Of those 10 questions, the three that concern the county's public schools, community colleges and public libraries account for $50.4 million in potential funds. (An upcoming editorial will address the remaining bond questions.)

The bulk of that $50.4 million can be found in Question A, which would allow the use of $46.1 million for the building of new schools, improvements at existing sites and the purchase of properties for future school construction. Only the $47.4 million public works borrowing ordinance, Question D, packs more dollar power.

Among the new construction projects would be Jacksonville and Mays Chapel Elementary Schools and Nottingham Middle School. Also, additions would be made to Hereford Middle School and Perry Hall High School. Roof repairs ($13.7 million) and asbestos removal ($8 million) at various schools, a dire need much documented in recent years by the media, are the other major components of Question A.

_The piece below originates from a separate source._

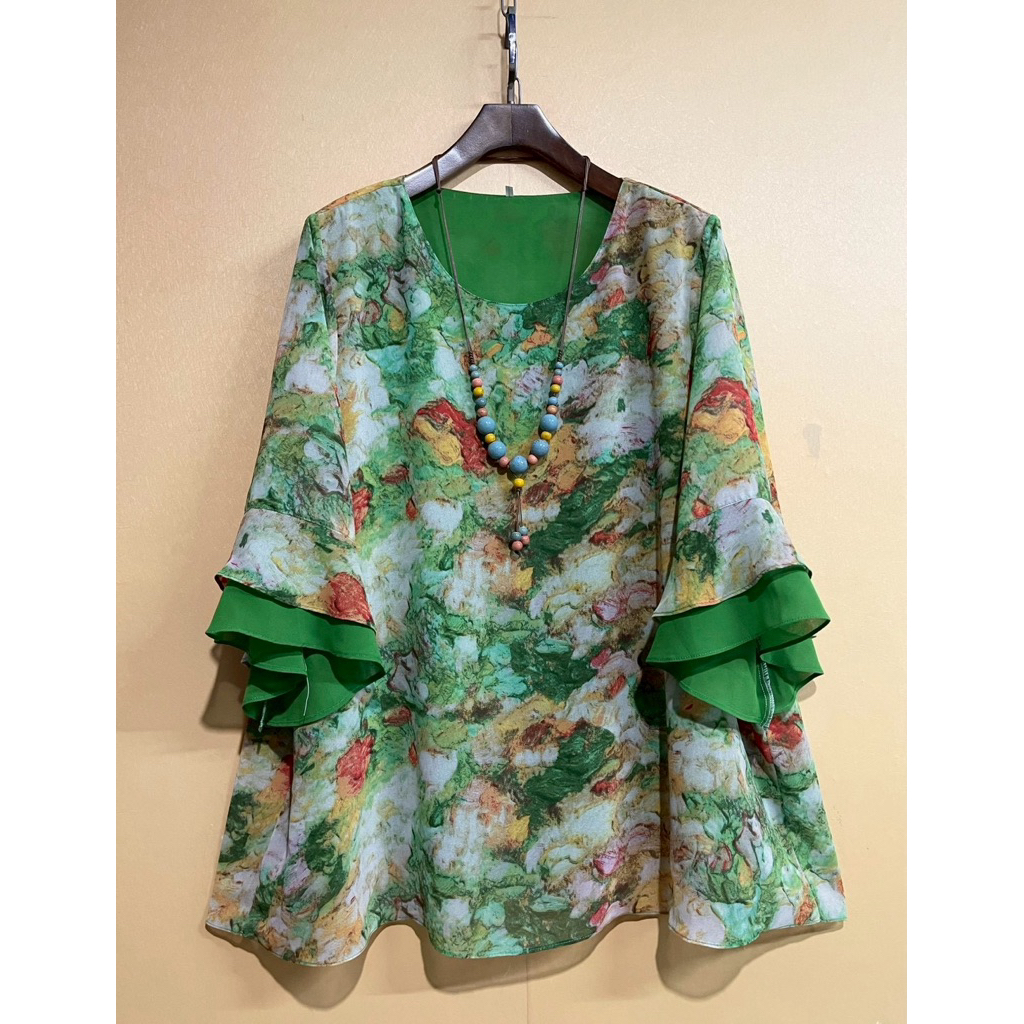เสื้อชีฟองลายดอก(อก 52“) ทรงแขนต่อระบาย ไซส์ใหญ่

Up to $3.3 million for new construction, building renovations and maintenance at the three Baltimore County community colleges -- in Essex, Dundalk and Catonsville -- would be provided if voters give their OK to Question C. Once approved, these bonds would be bolstered with matching funds from the state.

Question J would authorize spending $1 million to renovate and maintain the buildings and grounds of the county's 25 public library branches.

Some not-so-trivial bond issue trivia: This year's public school bond issue is for $6 million more than in the 1990 election. Yet the amount is still only half of what the county school board had requested.

In fact, the total of $118 million for 1992 bond questions is a little more than half of the 1990 total. It's the wish of County Executive Roger B. Hayden to hold borrowing down, thus minimizing interest payments as the recession and state aid cuts deliver one financial blow after another to the county.

This year's total of $118 million is still the second highest bond issue in county history, topping by $8 million the total from bond questions proposed four years ago. Give credit to the Hayden administration for coming up with a list of borrowing ordinances that takes care of urgent needs while heeding recessionary restraints.

We urge Baltimore County residents to vote FOR Questions A, C and J on Nov.